• **Material for the task**
======
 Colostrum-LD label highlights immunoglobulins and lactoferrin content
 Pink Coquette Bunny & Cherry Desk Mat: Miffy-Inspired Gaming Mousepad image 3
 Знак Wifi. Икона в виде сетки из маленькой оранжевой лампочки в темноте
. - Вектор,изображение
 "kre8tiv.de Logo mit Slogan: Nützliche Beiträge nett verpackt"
======
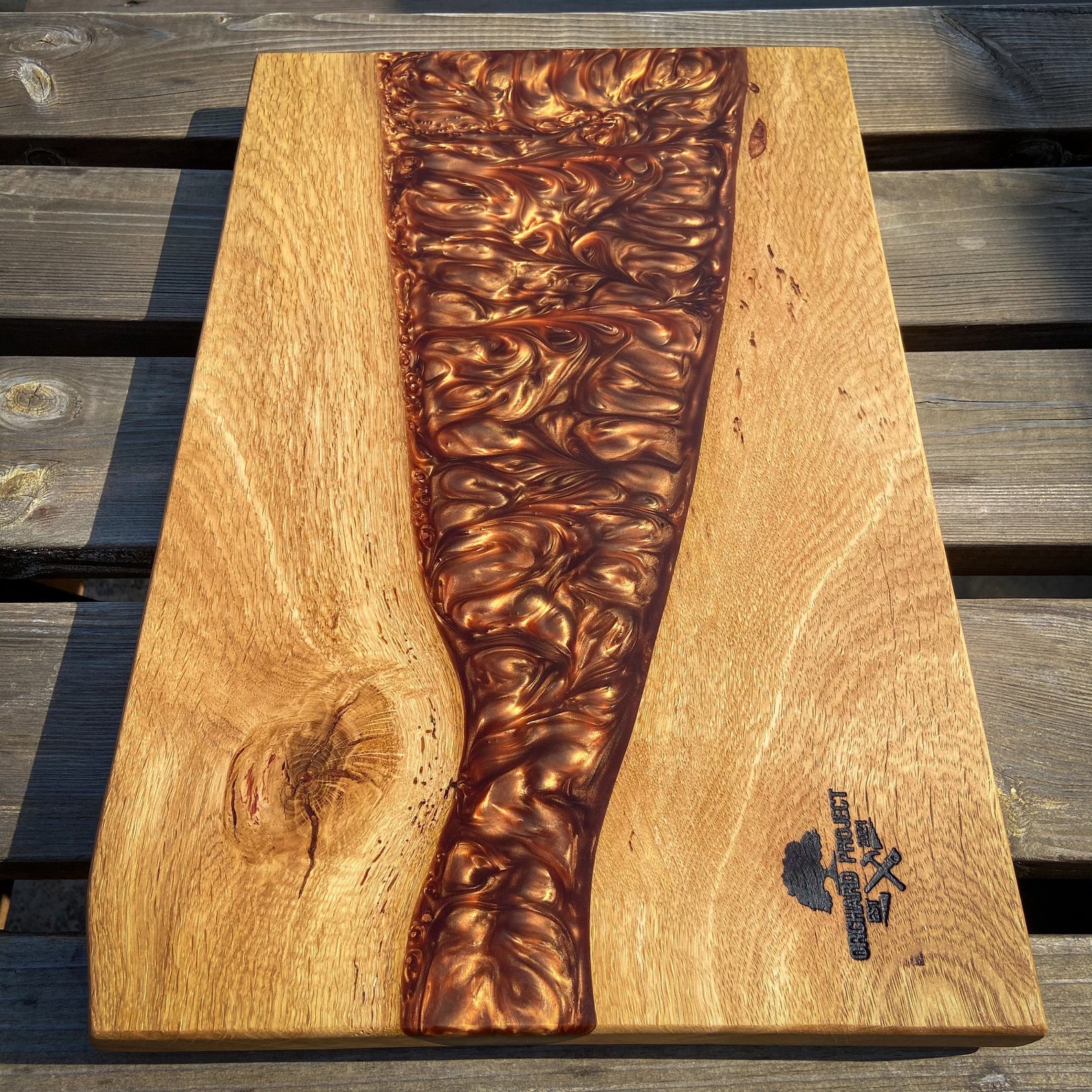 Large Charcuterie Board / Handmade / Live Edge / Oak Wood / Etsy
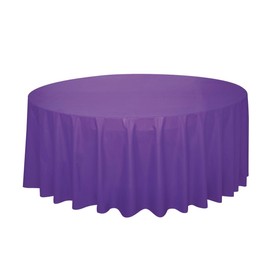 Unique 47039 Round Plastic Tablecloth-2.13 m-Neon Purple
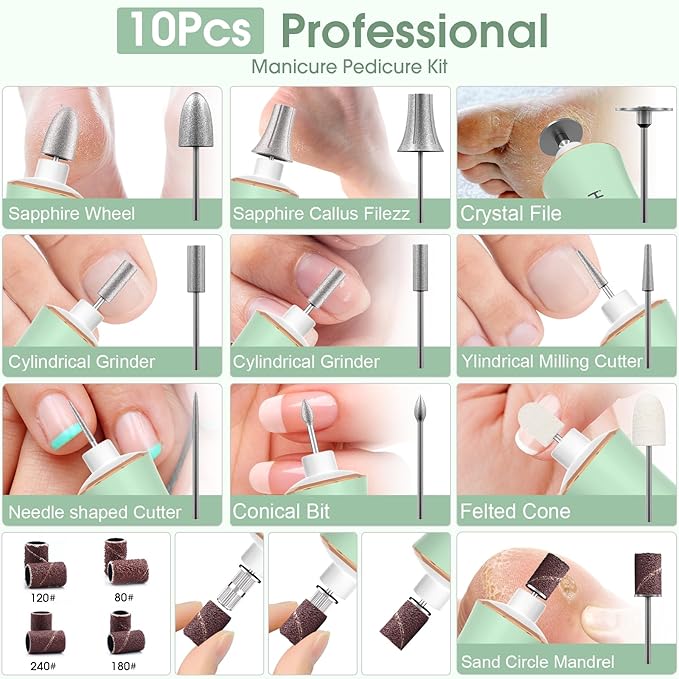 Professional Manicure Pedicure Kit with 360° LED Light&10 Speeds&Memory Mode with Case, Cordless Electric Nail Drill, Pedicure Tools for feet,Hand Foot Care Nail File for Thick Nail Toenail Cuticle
======
• **Description of the task**
Everything from the line with "Знак Wifi. Икона" through the line with "mit Slogan: Nützliche" should be written out exactly as it appears above, end lines included, and nothing outside that range.

• **Result for this task**
 Знак Wifi. Икона в виде сетки из маленькой оранжевой лампочки в темноте
. - Вектор,изображение
 "kre8tiv.de Logo mit Slogan: Nützliche Beiträge nett verpackt"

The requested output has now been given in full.